■ Task instructions ■
Keeping every character as it is, transcribe the entries below.

(Stored data entries)
= Beginning of Section =

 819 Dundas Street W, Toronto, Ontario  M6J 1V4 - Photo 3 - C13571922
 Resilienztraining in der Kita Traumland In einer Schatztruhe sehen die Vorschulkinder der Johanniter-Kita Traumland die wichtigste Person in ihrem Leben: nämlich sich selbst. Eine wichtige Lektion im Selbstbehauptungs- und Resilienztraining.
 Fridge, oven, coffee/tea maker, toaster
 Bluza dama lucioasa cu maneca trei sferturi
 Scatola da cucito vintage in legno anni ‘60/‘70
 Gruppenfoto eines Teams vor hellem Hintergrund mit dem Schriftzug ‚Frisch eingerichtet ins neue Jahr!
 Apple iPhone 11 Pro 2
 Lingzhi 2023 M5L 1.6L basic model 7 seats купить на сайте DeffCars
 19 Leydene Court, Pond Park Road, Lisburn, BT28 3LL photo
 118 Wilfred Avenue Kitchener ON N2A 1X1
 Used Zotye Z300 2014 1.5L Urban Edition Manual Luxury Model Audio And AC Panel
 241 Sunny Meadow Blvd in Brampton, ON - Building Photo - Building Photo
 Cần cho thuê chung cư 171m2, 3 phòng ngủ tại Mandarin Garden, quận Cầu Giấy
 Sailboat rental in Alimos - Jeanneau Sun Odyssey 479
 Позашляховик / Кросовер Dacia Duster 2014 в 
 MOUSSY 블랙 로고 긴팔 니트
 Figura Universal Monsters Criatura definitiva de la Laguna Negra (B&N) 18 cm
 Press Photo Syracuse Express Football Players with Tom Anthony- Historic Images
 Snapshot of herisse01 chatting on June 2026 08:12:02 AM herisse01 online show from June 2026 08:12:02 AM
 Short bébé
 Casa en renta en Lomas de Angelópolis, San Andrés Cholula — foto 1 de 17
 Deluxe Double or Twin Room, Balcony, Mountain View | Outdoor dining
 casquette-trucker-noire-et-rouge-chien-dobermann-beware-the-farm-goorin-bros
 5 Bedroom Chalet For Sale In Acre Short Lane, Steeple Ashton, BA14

= End of Section =

■ Task answer ■
 819 Dundas Street W, Toronto, Ontario  M6J 1V4 - Photo 3 - C13571922
 Resilienztraining in der Kita Traumland In einer Schatztruhe sehen die Vorschulkinder der Johanniter-Kita Traumland die wichtigste Person in ihrem Leben: nämlich sich selbst. Eine wichtige Lektion im Selbstbehauptungs- und Resilienztraining.
 Fridge, oven, coffee/tea maker, toaster
 Bluza dama lucioasa cu maneca trei sferturi
 Scatola da cucito vintage in legno anni ‘60/‘70
 Gruppenfoto eines Teams vor hellem Hintergrund mit dem Schriftzug ‚Frisch eingerichtet ins neue Jahr!
 Apple iPhone 11 Pro 2
 Lingzhi 2023 M5L 1.6L basic model 7 seats купить на сайте DeffCars
 19 Leydene Court, Pond Park Road, Lisburn, BT28 3LL photo
 118 Wilfred Avenue Kitchener ON N2A 1X1
 Used Zotye Z300 2014 1.5L Urban Edition Manual Luxury Model Audio And AC Panel
 241 Sunny Meadow Blvd in Brampton, ON - Building Photo - Building Photo
 Cần cho thuê chung cư 171m2, 3 phòng ngủ tại Mandarin Garden, quận Cầu Giấy
 Sailboat rental in Alimos - Jeanneau Sun Odyssey 479
 Позашляховик / Кросовер Dacia Duster 2014 в 
 MOUSSY 블랙 로고 긴팔 니트
 Figura Universal Monsters Criatura definitiva de la Laguna Negra (B&N) 18 cm
 Press Photo Syracuse Express Football Players with Tom Anthony- Historic Images
 Snapshot of herisse01 chatting on June 2026 08:12:02 AM herisse01 online show from June 2026 08:12:02 AM
 Short bébé
 Casa en renta en Lomas de Angelópolis, San Andrés Cholula — foto 1 de 17
 Deluxe Double or Twin Room, Balcony, Mountain View | Outdoor dining
 casquette-trucker-noire-et-rouge-chien-dobermann-beware-the-farm-goorin-bros
 5 Bedroom Chalet For Sale In Acre Short Lane, Steeple Ashton, BA14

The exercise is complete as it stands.